Même si Tahiti, Moorea ou Bora Bora continuent de faire rêver, les touristes sautent de moins en moins le pas : trop isolée, trop chère, la Polynésie accueille moins de visiteurs aujourd’hui qu’il y a vingt ans.
Des plages isolées et une destination coûteuse font de l’archipel polynésien un paradis boudé par les touristes. (Photos : DR)
« Les essais nucléaires sous Chirac ont fait du tort à la destination », explique un dirigeant d’un tour-opérateur spécialisé sur la région. En 1995, la collectivité avait attiré 172 100 touristes. En 2000, « il y a eu une embellie pour la destination grâce à une augmentation des capacités aériennes depuis l’Europe », une année record, avec 233 300 visiteurs. Mais en 2013, ils n’étaient plus que 164 400.
Malgré l’image paradisiaque de l’archipel, son principal marché émetteur, les États-Unis, a connu une forte baisse suite aux attentats du 11 septembre 2001. Côté européen, les touristes « sont venus moins nombreux depuis la crise », avec surtout « des Français, les autres francophones et les Italiens ».
Le coût du trajet et le coût du séjour sont les principaux freins à l’essor du tourisme local. « Pour aller à Tahiti, il faut du temps et de l’argent », explique l’opérateur français. « Or la Polynésie, c’est cher. La zone souffre d’être en euros, alors que les autres îles du Pacifique sont en dollar. En Polynésie, on paie facilement 30 euros pour une pizza et une bière, ou 3 euros pour un yaourt ».
Selon lui, « la Polynésie reste essentiellement une destination de couples ». Peu de familles tentent l’aventure d’un voyage aussi long — il faut 24 heures pour s’y rendre depuis la France — et coûteux.
> Deux fois moins cher ailleurs
« Sur la zone, la concurrence directe de Tahiti c’est Hawaï, où tout est beaucoup moins cher » et où les touristes se rendent en plus grand nombre : près de 8 millions s’y arrêtent tous les ans. « La Polynésie est aussi en concurrence avec les Seychelles et les Maldives, qui sont plus près de l’Europe et moins chères, continue le spécialiste.

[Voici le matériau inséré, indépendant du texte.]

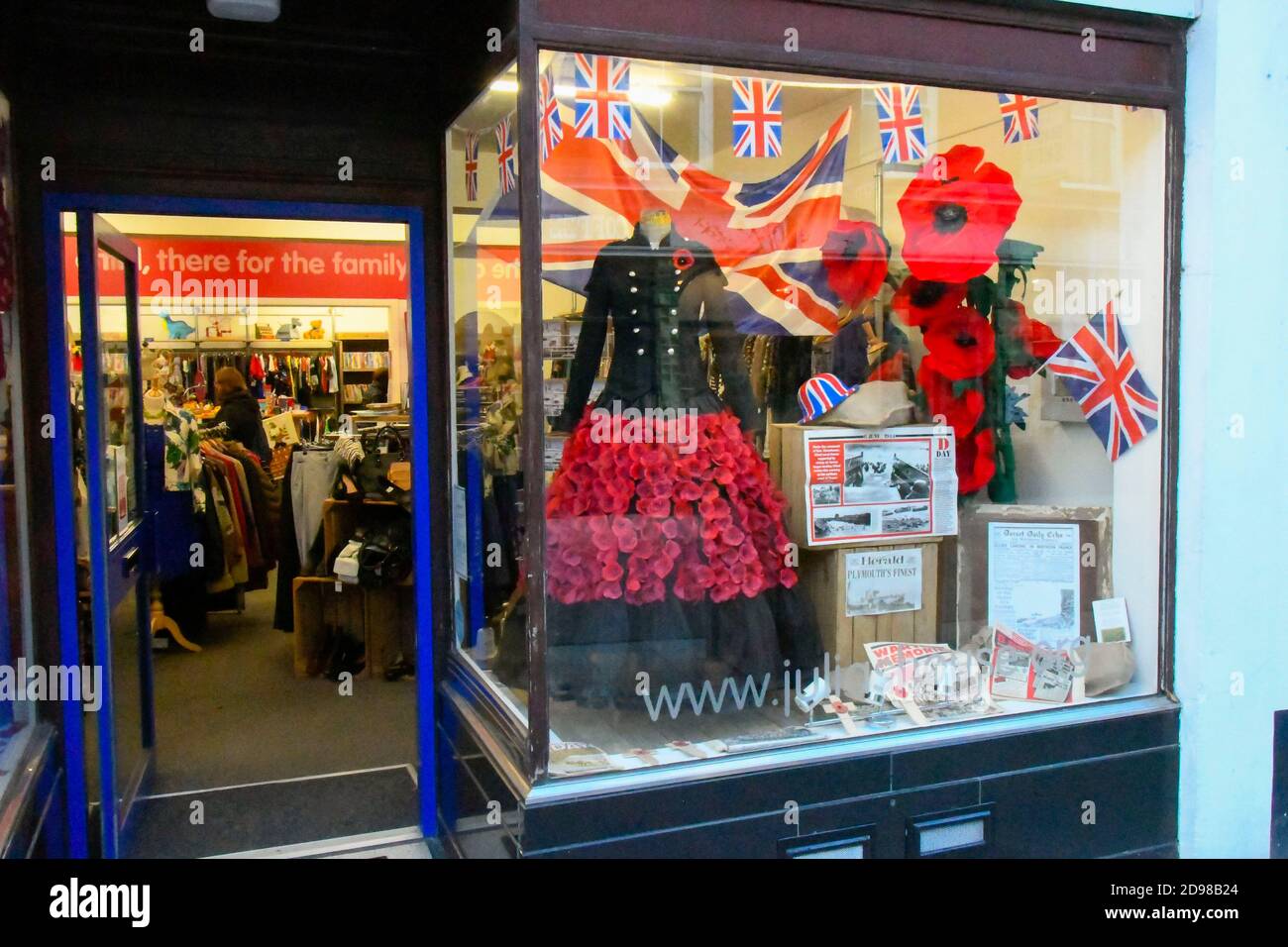 Dorchester, Dorset, Großbritannien. November 2020. Julias House Charity Shop in der South Street in Dorchester in Dorset, das eine Erinnerungsmesse im Schaufenster hat, bevor es für die Covid-19-Sperre am Donnerstag schließen muss. Bild: Graham Hunt/Alamy Live News Stockfoto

On a vu une très forte progression de la clientèle aux Maldives depuis dix ans. » Plages de rêve, bungalows sur pilotis, tout y est, « mais c’est deux fois moins cher que la Polynésie ». Pareil pour les Seychelles qui profitent en plus « depuis la France de toutes les rotations aériennes via Dubaï ».

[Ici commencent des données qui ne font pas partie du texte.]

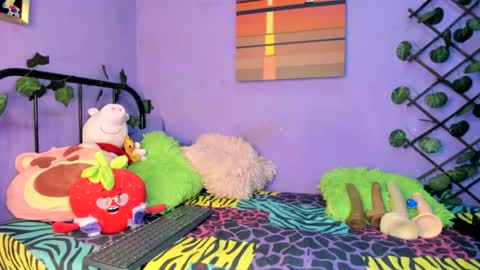 Amy Kamila online show from 10/27/25, 02:04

Cette baisse de fréquentation est lourde de conséquences pour l’archipel, qui a perdu sept hôtels entre 2009 et 2013, faute de demande, alors que le tourisme reste le premier secteur économique de la Polynésie. 16% de l’emploi salarié y est consacré, avec 2 700 entreprises et 9 800 employés.
Parallèlement, la Polynésie est de moins en moins desservie par les lignes aériennes. « On avait, à l’époque, Air France qui desservait la Polynésie, explique-t-il, mais aussi Corsair, qui faisait 5 ou 6 rotations par semaine, et la compagnie AOM. Ensuite, la réduction des capacités aériennes et la crise ont fait baisser le nombre de touristes en partance d’Europe ». Aujourd’hui, seules Air France et la compagnie locale Air Tahiti Nui proposent des vols, ne partant que de Los Angeles ou de Paris.

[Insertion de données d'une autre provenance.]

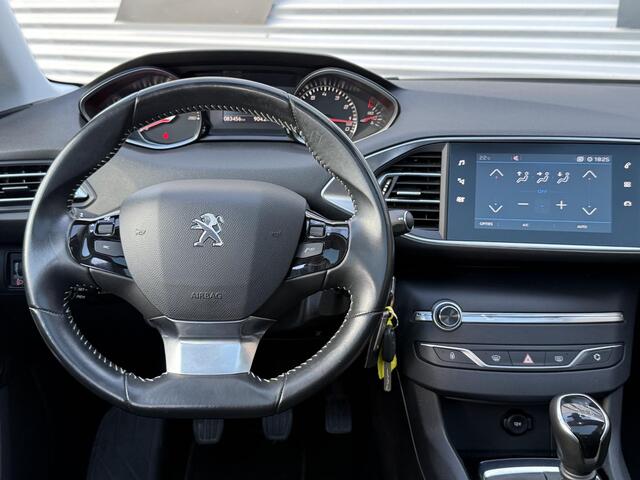 Peugeot 308 1.2 PureTech Blue Lease Executive 2e Eigenaar|Navi|Pano|Carplay|Clima|Cruise|PDC|Trekhaak|D-riem vv in 2026|N.A.P|Nieuwe APK bij Aflevering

Le gouvernement local espère relancer le secteur et mise sur la venue de 200 000 touristes en 2015 et 300 000 en 2018. Dans ce but, il souhaite entamer la construction d’un grand complexe hôtelier, sur la côte Ouest de Tahiti et s’ouvrir à de nouveaux marchés, comme la Chine, avec des vols directs. Des négociations sont en cours avec la compagnie Hainan Airlines.
L’objectif est de s’imposer comme un « hub » (NDLR : une plateforme de correspondance) dans le Pacifique, en devenant une escale entre la Chine et le Chili. La création d’une ligne aérienne entre ces deux pays ferait gagner un temps considérable sur le trajet entre Asie et Amérique du Sud.